246 Cancellation of lease for breach of other covenants

(1)A lessor may exercise a right to cancel a lease because of a breach of a covenant or condition of the lease (except the covenant to pay rent) only if—

(a)the lessor has served on the lessee a notice of intention to cancel the lease; and

(b)at the expiry of a period that is reasonable in the circumstances, the breach has not been remedied.

(2)The notice required by subsection (1)(a) must adequately inform the recipient of all of the following matters:

(a)the nature and extent of the breach complained about:

(b)if the lessor considers that the breach is capable of being remedied by the lessee doing or stopping from doing a particular thing, or by the lessee paying reasonable compensation, or both,—

(i)the thing that the lessee must do or stop doing; or

(ii)the amount of compensation that the lessor considers reasonable; and

(c)the consequence that, if the breach is not remedied at the expiry of a period that is reasonable in the circumstances, the lessor may seek to cancel the lease in accordance with section 244:

(d)the effect of section 247(1) and (2):

(e)the right, under section 253, to apply to a court for relief against cancellation of the lease, and the advisability of seeking legal advice on the exercise of that right.

253 Relief against cancellation of lease for breach of covenant or condition

(1)All or any of the following persons may apply to a court for relief against the cancellation, or proposed cancellation, of a lease on the ground of a breach of a covenant or condition of the lease:

(a)the lessee:

(b)a mortgagee of the leasehold estate or interest:

(c)a receiver appointed in respect of the leasehold estate or interest:

(d)if 2 or more persons are entitled to the leasehold estate or interest as joint tenants, 1 or more of those persons on behalf of the other joint tenants.

(2)If an application made in accordance with subsection (1)(d) is not made by all of the joint tenants, the application must be served on every joint tenant who is not already a party, unless the court orders otherwise.

(3)Relief may be sought in—

(a)a proceeding brought by the lessor for an order for possession of the land; or

(b)a proceeding brought for the purpose of seeking the relief.

(4)A proceeding referred to in subsection (3)(b) must be brought—

(a)before an order for possession of the land is made in a proceeding referred to in subsection (3)(a); or

(b)if the lessor has peaceably re-entered the land, not later than 3 months after the date on which the lessor peaceably re- entered the land.

(5)Subsection (4)(b) is subject to section 254.

[68]   It is clear from s 243(1) that a lease may be cancelled only in accordance with ss 244 to 252. In the present case, the Trustees are relying on s 246.

[69]Section 246(1) requires that a notice of cancellation be served on the lessee.

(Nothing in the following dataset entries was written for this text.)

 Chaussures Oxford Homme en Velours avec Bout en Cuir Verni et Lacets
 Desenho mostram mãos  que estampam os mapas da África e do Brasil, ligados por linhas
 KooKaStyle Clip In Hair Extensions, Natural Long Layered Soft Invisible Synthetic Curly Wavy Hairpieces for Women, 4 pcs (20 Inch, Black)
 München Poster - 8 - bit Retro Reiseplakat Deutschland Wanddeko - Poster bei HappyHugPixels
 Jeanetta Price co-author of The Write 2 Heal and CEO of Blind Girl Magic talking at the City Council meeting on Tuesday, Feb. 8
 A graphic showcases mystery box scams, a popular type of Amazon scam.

[70]   Section 246(2) requires that a notice of cancellation must adequately inform the lessee of:

(a)The nature and extent of the breach complained about;

(b)The steps to be taken to remedy the breach if the lessor considers the breach can be remedied, and

(c)The fact that the lessor may cancel the lease if the breach is not remedied at the expiry of a period that is reasonable in the circumstances.

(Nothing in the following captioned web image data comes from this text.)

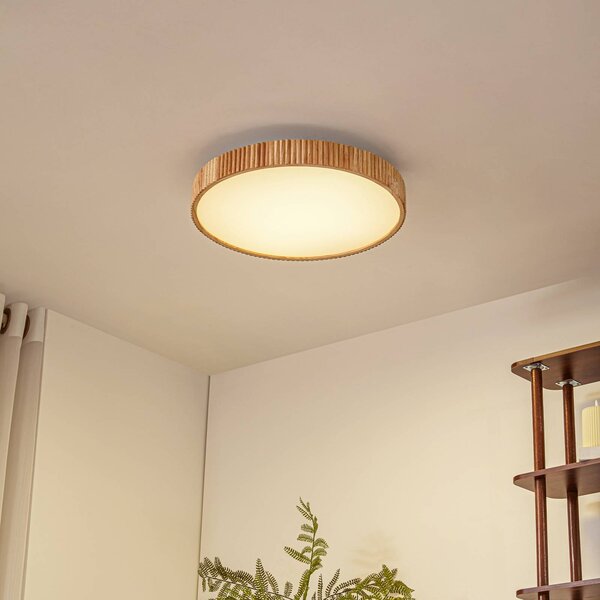 Lindby LED mennyezeti világítás Velua, fehér/világos fa, CCT, Ø 50 cm, dimmelhető, Világos fa, Nappali / Étkező, Fa, Modern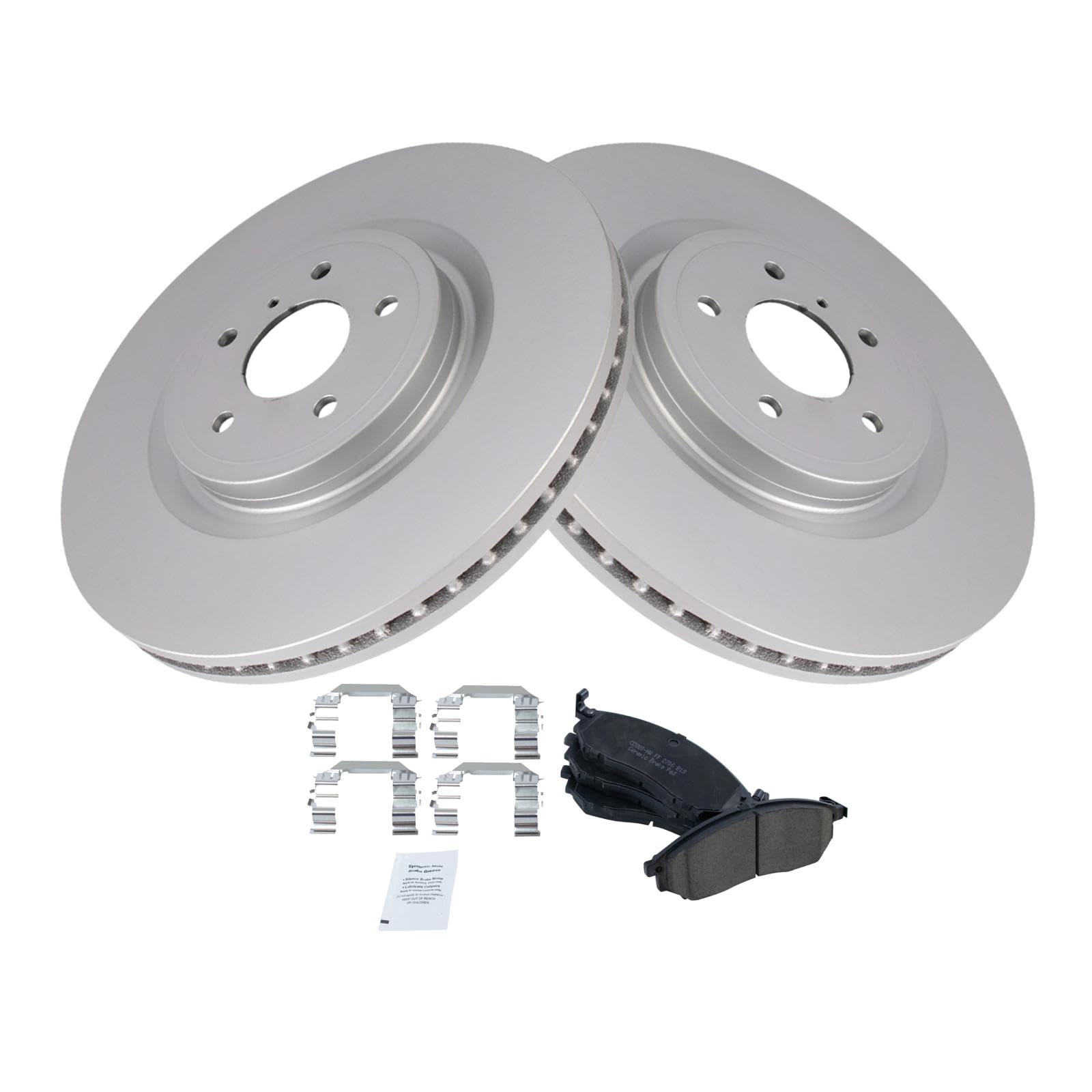 Trq Front Brake Pad & Rotor Kit Ceramic Premium G-Coated Compatible With 2011-2013 Infiniti M37 2015-2019 Q70L Nissan 370Z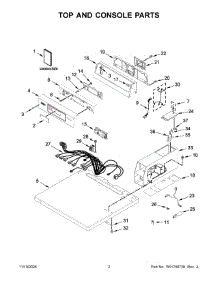 02 - Top And Console Parts parts for Whirlpool Dryer MDG20PDFGW0 from AppliancePartsPros.com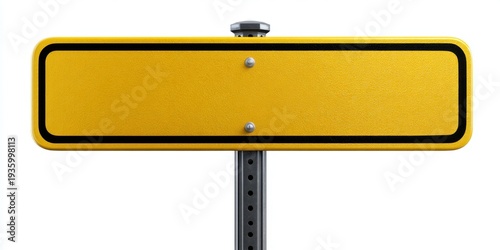 Close-up of blank road sign with clipping path on white background, ideal for graphic design projects, logos, or creative transportation icons 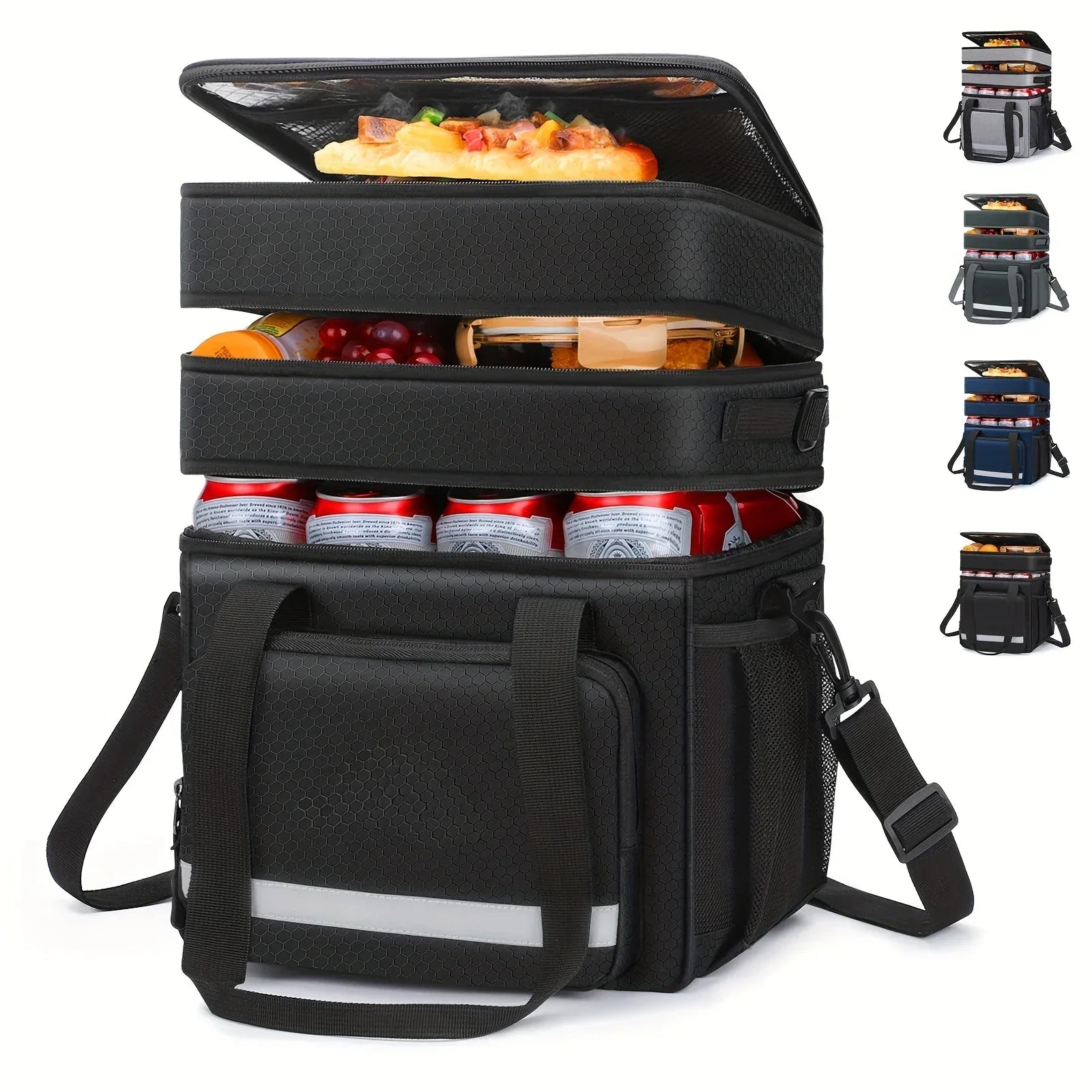 Insulated Lunch Bag|Leak-proof polyester cooler tote with PVC lining|Adjustable shoulder strap and side mesh pockets. - Luvia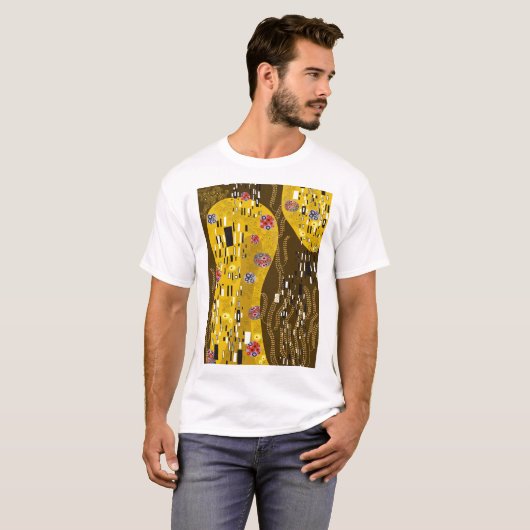 Klimt geïnspireerde gouden patroonkunst staat voor t-shirt (Voorkant volledig)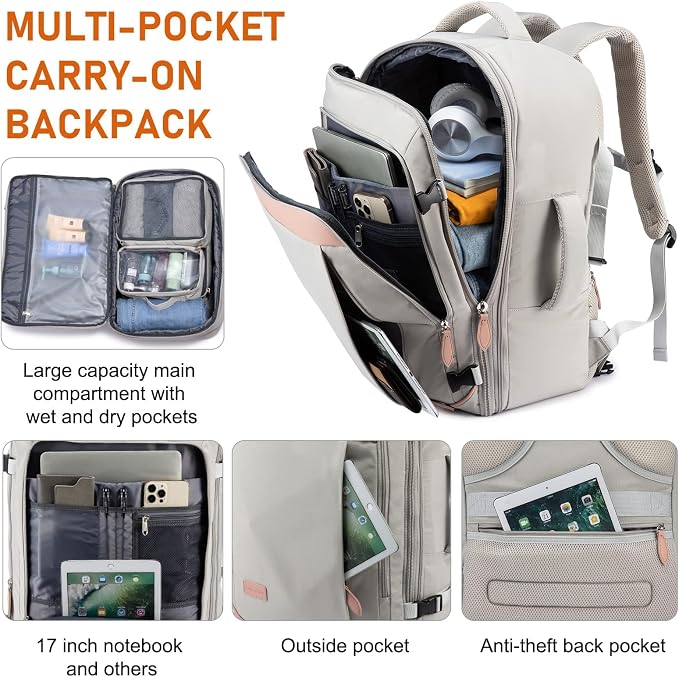 LOVEVOOK Carry on Backpack, 40L Travel Backpack for Women Men Airline Approved, Expandable Large Suitcase Backpacks With 4 Packing Cubes, Aer Travel Pack 3, Water Resistant Weekender Bag - Image 5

[71]   The only  notice  on  which  the  Trustees  rely  is  the  PLA  Notice  dated  27 September 2019 and which was served on Pacific Pearl on 30 September 2019.

Questions for decision

[72]   Having regard to s 246 of the PLA, the PLA Notice, the Trustees’ application to cancel the Lease and Pacific Pearl’s amended notice of opposition, the questions for decision are:

(a)What are the alleged breaches of which Pacific Pearl has been given notice in terms of s 246(2)?

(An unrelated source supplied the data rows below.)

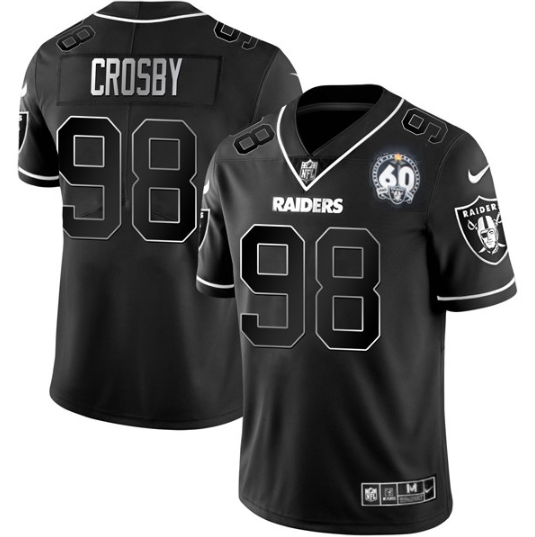 Black Las Vegas Raiders #98 Maxx Crosby  Shadow Vapor Limited Stitched Jersey - LVR45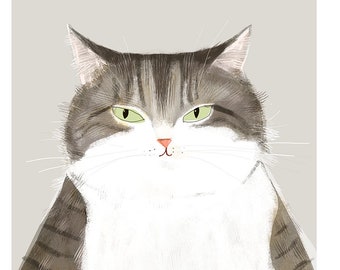 Grey Baby Cat Print- Cat Painting - Cat Wall Art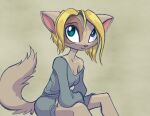  absurd_res aged_up anthro blonde_hair david_lillie dreamkeepers female fur hair hi_res paige_(dreamkeepers) simple_background solo tail tan_body tan_fur 
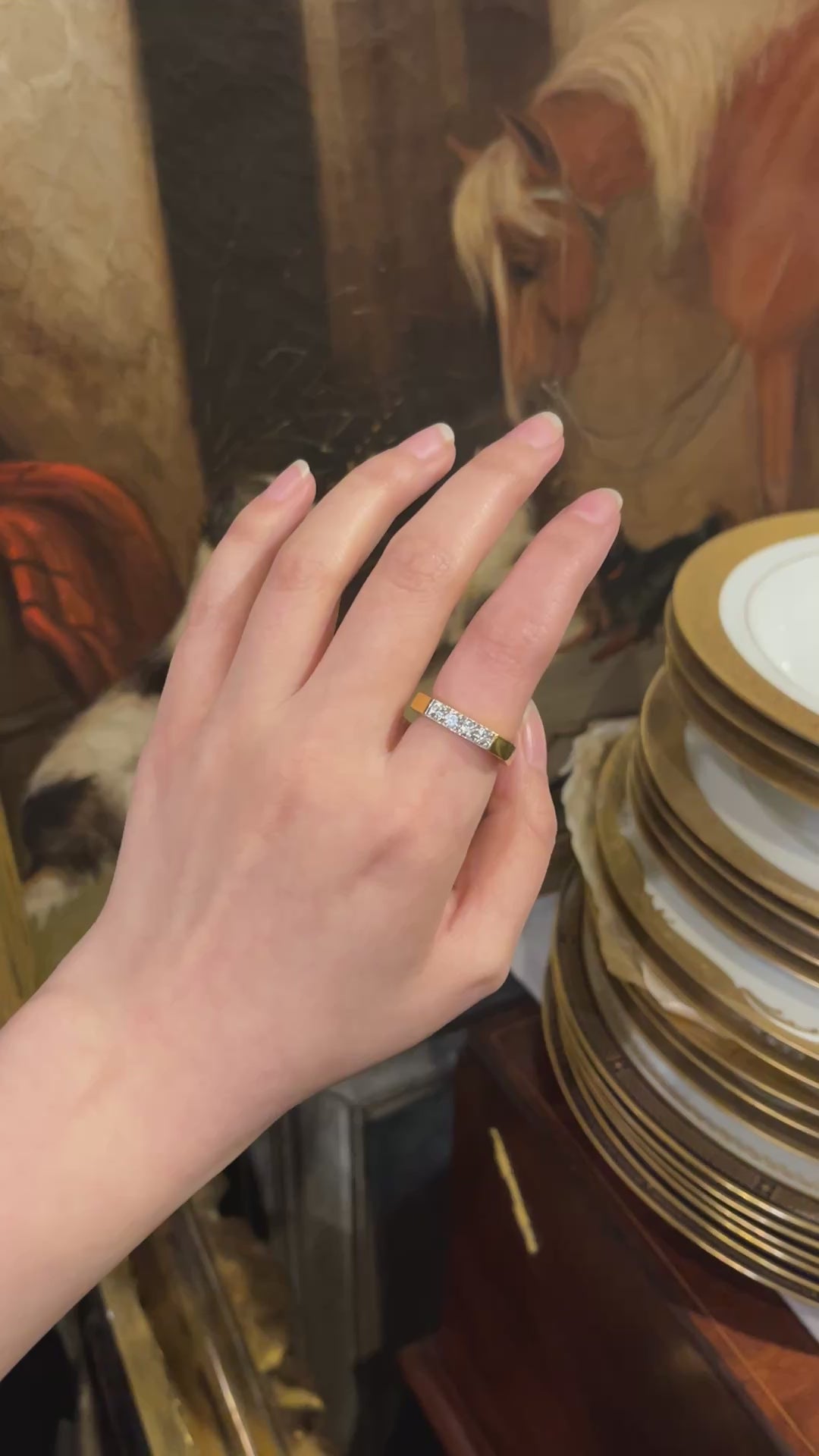 David Webb 18K Gold Diamonds Square Ring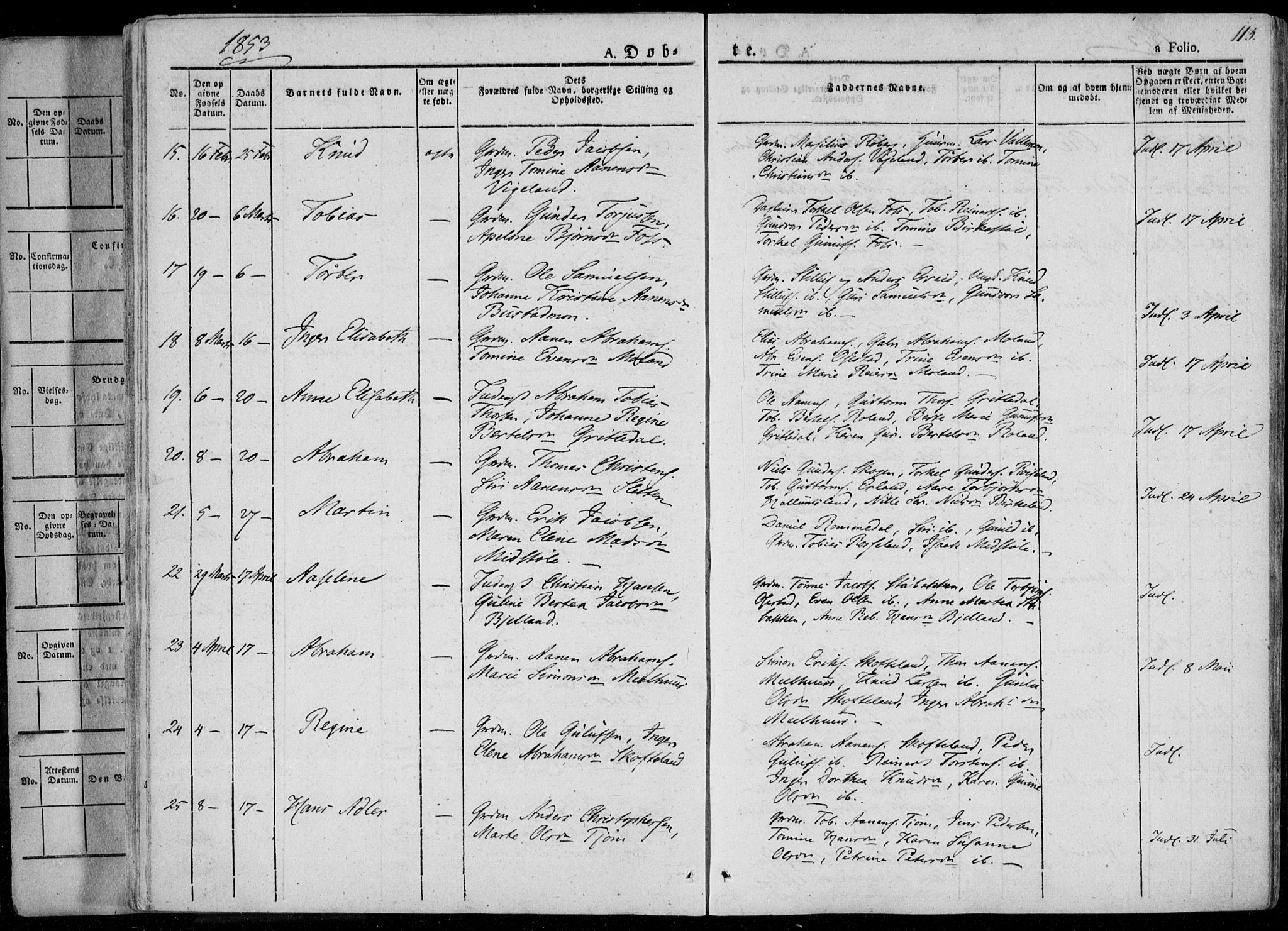 Sør-Audnedal sokneprestkontor, SAK/1111-0039/F/Fa/Fab/L0006: Parish register (official) no. A 6, 1829-1855, p. 113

(b)Are the Trustees estopped from pursuing their claims in respect of those breaches by the Deed of Settlement?

(c)If the Trustees are not estopped from pursuing their claims, has Pacific Pearl breached the Lease, and given notice of the breach in accordance with s 246 of the PLA, by:

(i)Failing to obtain a CCC  for  the  works  carried  out  under  BC 966343 within a reasonable time?

(ii)Failing to comply with the conditions of Consent No 52416?

(iii)Overcrowding the property and using the property in an illegal, noxious or offensive manner?

(iv)Obtaining a BWOF under false pretences?

(v)Refusing to pay the Trustees’ legal costs?

(vi)Depriving the Trustees of access to the property?

(d)If Pacific Pearl has breached the Lease in one or more of the above respects, does the breach justify cancellation of the Lease?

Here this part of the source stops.